Nun wird aber ein Feldbussystem (CANopen) benötigt und dazu wurde eine WAGO 750-8203 gekauft.
Ich dachte nun, dass ich das Zielsystem bequem unter "Ressourcen -> Zielsystemeinstellungen" ändern kann.
Im Anhang ist die Vorgehensweise bebildert.

Allerdings wird mir nach der Änderung nichts mehr unter "Steuerungskonfiguration" angezeigt.
Dort ist nur noch "Hardware configuration" zu sehen.
Es fehlt der Eintrag "K-Bus" vollständig. Somit kann ich auch nichts hinzufügen.
Importieren kann ich die Konfiguration auch nicht, da mir eine Fehlermeldung im Fenster angezeigt wird. Siehe Bild.
Ich habe auch probiert, die Konfiguration mit in die Projektdatei zu schreiben, sodass diese bei einem Zielsystemwechsel nicht überschrieben werden.
Dann werden die ganzen Informationen zwar übertragen, aber ich kann weder Karten hinzufügen, noch Ändern oder löschen.
Es erscheint dann immer die Meldung "Dieser Befehl kann nicht ausgeführt werden".

Wie ändere ich ordnungsgemäß nachträglich das Zielsystem? Oder welche Ausweichmöglichkeit habe ich?

Im Voraus besten Dank!


----------



## stjolich (4 Februar 2016)

Hab genau das gleiche Problem, wäre also auch an einer Lösung interessiert. (WAGO 750-880 -> WAGO 750-8202)

Danke schonmal!


----------



## oliver.tonn (4 Februar 2016)

Ich meine mich zu erinnern, dass bei manchen SPSen Codesys nach der Änderung der CPU den Hardwareknoten löscht, Du müsstest also den K-Bus und alle Klemmen neu hinzufügen.

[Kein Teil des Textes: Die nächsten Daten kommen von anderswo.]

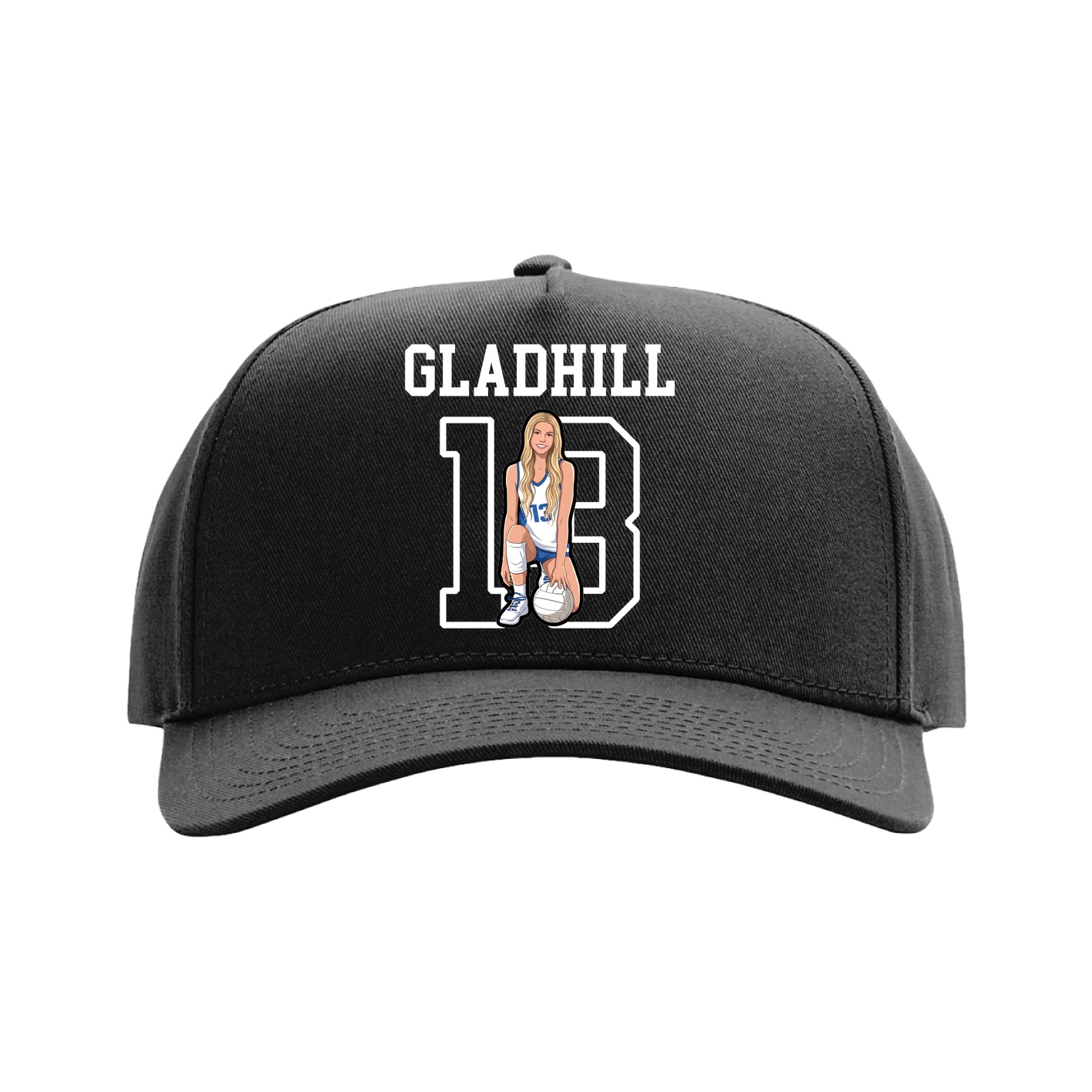 Full Fabric Five-Panel Champ Cap — Shirsey in Black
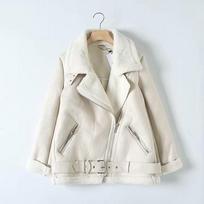 Women's Mid-length Lambswool Leather Motorcycle Jacket - European & American Winter Style Small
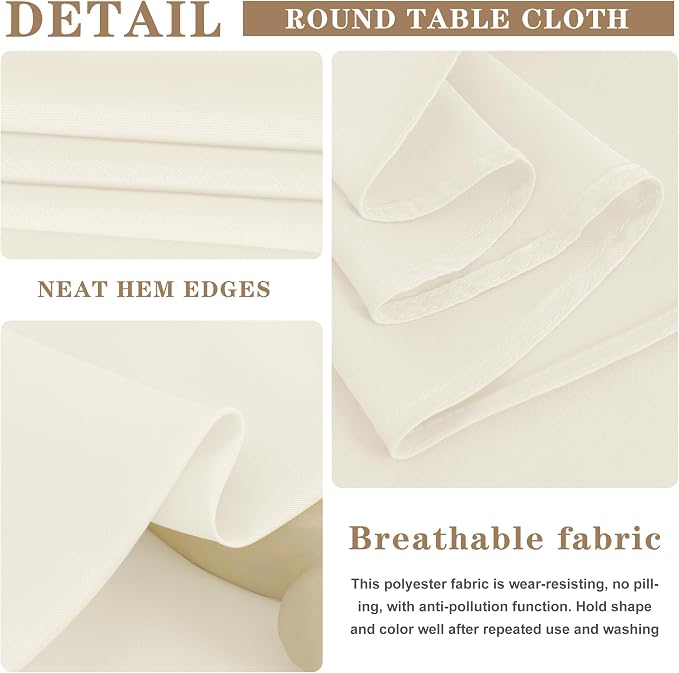 Fitable 6 Pack Ivory Round Tablecloths 90 Inch for 36"-72" Tables - Image 7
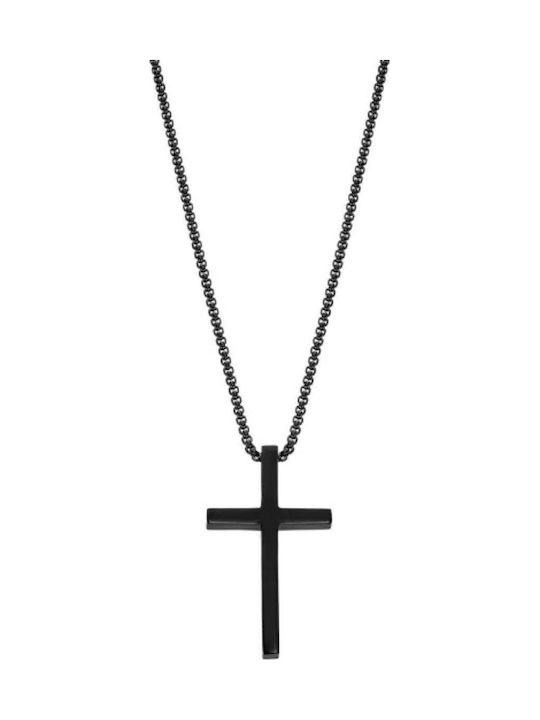 Lotus Watches Black Men's Cross from Steel with Chain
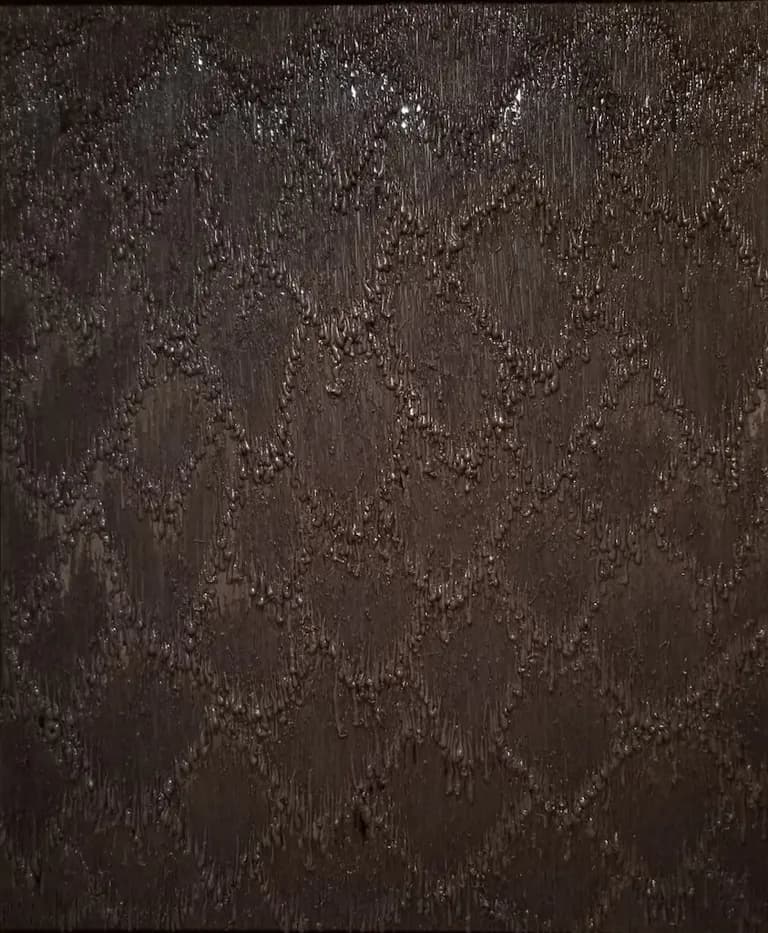 Enrique Machado, Black Drops, silicone, resin and oils on wood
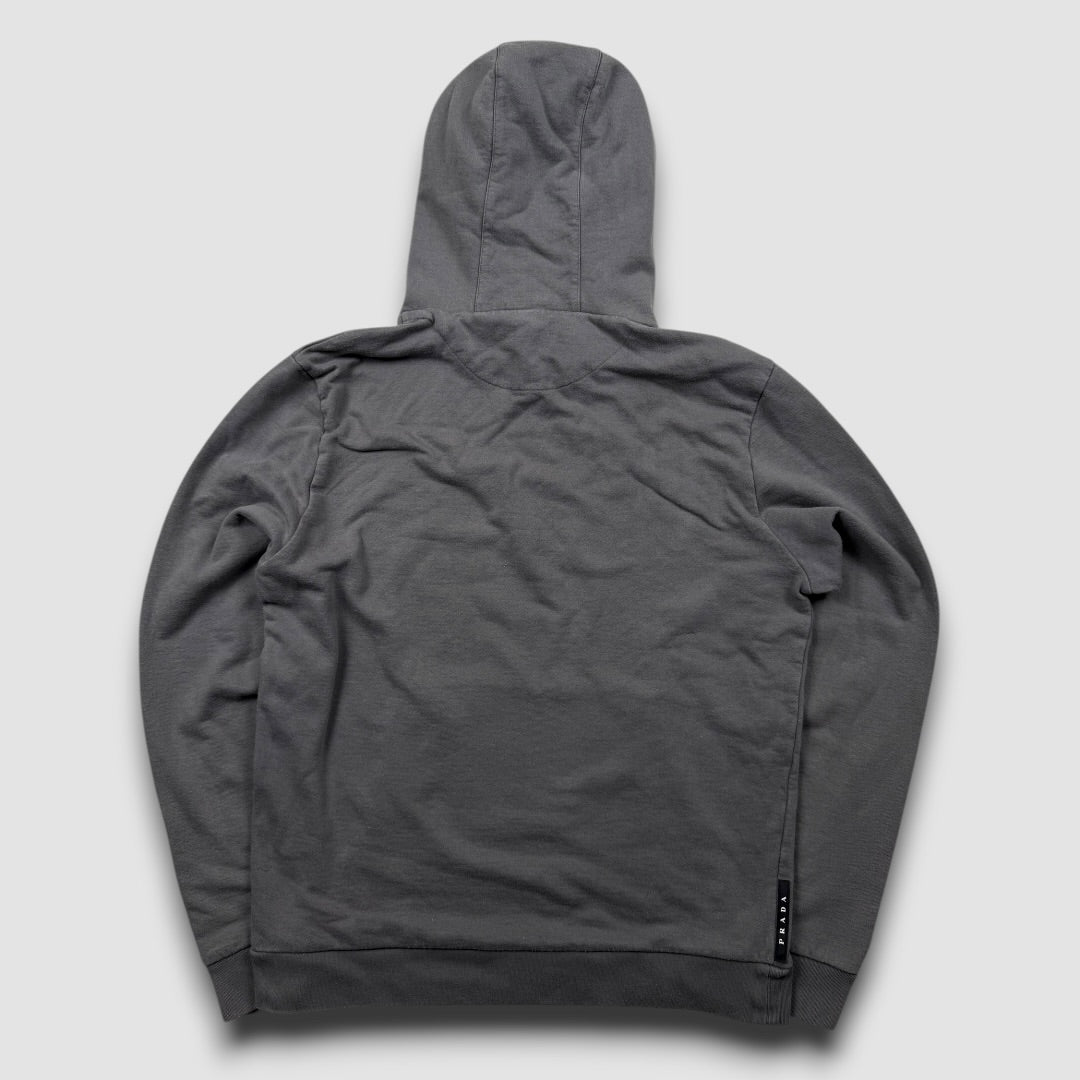 Prada black logo hoodie grey - Large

Von irgendwas mit Internetzugang gesendet.


----------



## wat84 (5 Februar 2016)

1. K-Bus Konfig sichern.



2. Zielsystem ändern.
3. Unter Extras auf Standardkonfiguration (bei geöffneter Steuerungskonfiguration)
4. K-Bus Konfig zurückspielen.


----------



## Josha (5 Februar 2016)

Danke @wat84! Das war die Lösung!


----------